Graphically compare the ECDF for `income`

and the CDF of \(\mathrm{LN}(10.3, 0.58)\).

(*) Perform the Kolmogorov–Smirnov goodness-of-fit test as in Section 6.2.3, to verify that the hypothesis of log-normality is not rejected at the \(\alpha=0.001\) significance level. At the same time, the income distribution significantly differs from a normal one.

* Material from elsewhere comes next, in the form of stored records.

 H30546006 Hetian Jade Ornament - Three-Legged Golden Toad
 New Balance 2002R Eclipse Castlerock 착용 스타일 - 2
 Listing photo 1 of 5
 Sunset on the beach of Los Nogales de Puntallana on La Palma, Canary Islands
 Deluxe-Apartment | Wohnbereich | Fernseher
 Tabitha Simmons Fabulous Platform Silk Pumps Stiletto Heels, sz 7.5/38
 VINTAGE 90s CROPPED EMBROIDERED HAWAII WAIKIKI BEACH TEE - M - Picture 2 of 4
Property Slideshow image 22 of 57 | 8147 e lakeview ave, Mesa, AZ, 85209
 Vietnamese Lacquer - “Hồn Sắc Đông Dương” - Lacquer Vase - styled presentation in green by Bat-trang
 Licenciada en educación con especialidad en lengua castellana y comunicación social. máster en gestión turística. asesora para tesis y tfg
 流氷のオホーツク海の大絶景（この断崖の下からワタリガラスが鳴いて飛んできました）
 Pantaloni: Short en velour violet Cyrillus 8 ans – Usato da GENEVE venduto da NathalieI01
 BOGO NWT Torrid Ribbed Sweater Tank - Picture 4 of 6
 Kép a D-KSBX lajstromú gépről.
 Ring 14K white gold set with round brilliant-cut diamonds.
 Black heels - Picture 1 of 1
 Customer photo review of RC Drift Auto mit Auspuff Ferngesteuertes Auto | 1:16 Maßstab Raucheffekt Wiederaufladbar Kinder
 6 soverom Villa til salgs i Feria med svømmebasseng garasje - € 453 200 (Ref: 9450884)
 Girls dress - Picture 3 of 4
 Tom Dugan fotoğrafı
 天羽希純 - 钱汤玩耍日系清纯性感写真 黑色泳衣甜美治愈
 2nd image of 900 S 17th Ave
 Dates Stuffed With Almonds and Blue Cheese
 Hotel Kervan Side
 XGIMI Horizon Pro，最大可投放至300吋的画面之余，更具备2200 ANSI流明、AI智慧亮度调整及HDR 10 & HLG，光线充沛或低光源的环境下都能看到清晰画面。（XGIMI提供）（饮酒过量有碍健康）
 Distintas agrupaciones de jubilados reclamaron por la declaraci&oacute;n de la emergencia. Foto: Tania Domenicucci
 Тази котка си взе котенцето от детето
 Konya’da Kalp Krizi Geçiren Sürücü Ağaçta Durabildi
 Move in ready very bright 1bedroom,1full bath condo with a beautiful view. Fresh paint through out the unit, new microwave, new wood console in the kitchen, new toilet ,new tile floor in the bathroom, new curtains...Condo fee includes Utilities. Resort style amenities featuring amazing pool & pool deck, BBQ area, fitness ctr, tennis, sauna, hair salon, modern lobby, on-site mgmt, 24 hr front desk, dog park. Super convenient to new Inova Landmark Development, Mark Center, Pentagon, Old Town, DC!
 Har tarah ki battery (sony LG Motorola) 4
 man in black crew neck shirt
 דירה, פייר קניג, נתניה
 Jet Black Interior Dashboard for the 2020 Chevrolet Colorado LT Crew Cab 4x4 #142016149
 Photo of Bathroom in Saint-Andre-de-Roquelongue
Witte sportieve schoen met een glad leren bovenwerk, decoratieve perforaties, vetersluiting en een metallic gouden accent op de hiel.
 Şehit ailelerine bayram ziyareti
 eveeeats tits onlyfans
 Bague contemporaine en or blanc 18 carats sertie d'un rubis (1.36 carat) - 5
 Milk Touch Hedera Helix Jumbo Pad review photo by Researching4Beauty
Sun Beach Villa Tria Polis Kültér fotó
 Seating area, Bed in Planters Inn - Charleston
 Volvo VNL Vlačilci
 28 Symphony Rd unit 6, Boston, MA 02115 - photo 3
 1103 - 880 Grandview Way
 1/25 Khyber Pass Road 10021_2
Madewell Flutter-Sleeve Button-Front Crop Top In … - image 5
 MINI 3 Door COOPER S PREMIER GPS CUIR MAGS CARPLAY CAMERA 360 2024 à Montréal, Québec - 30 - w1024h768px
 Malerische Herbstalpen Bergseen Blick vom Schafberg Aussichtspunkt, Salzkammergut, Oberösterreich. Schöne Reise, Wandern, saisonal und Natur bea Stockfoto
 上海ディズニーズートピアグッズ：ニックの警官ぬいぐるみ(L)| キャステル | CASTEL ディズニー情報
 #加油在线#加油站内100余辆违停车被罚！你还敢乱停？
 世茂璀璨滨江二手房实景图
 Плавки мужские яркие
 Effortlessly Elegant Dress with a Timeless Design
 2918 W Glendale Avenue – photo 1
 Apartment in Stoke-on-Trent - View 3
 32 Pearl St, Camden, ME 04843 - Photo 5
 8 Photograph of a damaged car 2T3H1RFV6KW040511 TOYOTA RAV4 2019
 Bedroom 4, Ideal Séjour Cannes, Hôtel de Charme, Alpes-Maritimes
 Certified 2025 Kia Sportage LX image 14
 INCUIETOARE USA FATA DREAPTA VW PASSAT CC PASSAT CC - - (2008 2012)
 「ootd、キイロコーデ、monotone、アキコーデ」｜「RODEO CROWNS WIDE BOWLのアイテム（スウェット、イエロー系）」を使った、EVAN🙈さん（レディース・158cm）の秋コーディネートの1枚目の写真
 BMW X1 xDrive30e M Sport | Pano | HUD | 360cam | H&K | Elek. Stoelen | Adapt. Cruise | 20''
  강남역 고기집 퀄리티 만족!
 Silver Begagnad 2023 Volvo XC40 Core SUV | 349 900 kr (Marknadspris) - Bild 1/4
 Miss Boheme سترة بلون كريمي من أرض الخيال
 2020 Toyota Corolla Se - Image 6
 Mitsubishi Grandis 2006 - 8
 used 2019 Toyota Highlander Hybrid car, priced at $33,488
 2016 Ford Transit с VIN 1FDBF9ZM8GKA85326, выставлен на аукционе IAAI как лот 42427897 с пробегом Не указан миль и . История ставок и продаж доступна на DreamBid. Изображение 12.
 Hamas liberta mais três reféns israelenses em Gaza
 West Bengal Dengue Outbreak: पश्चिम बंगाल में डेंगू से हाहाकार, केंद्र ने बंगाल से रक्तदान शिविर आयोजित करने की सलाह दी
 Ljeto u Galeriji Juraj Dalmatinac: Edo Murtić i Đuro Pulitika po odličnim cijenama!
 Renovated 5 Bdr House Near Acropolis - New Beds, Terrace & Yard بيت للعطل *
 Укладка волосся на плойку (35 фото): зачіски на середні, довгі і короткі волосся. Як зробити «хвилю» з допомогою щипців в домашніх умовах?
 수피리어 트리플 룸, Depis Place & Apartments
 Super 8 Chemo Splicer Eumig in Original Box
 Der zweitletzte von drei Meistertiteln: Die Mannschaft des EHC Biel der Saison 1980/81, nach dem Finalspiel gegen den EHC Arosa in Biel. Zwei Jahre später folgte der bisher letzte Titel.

The hypothesis that our data follow a normal distribution is most likely false. On the other hand, the log-normal model might be adequate. We can again reduce the whole dataset to merely two numbers, \(\mu\) and \(\sigma\), based on which (and probability theory), we may deduce that:

the expected average (mean) income is \(e^{\mu + \sigma^2/2}\),

median is \(e^\mu\),

the most probable value (mode) in \(e^{\mu-\sigma^2}\),

and so forth.

Note

Recall again that for skewed a distribution such as the log-normal one,
reporting the mean might be misleading.
This is why *most* people are sceptical when they read the news
about our prospering economy (“yeah, we’d like to see that
kind of money in our pockets”). It is not only \(\mu\) that matters,
but also \(\sigma\) that quantifies the discrepancy between the rich
and the poor.

For a normal distribution, the situation is vastly different. The mean, the median, and the most probable outcomes are the same: the distribution is symmetric around \(\mu\).

What is the fraction of people with earnings
below the mean in our \(\mathrm{LN}(10.3, 0.58)\) model?
Hint: use **scipy.stats.lognorm.cdf** to get the answer.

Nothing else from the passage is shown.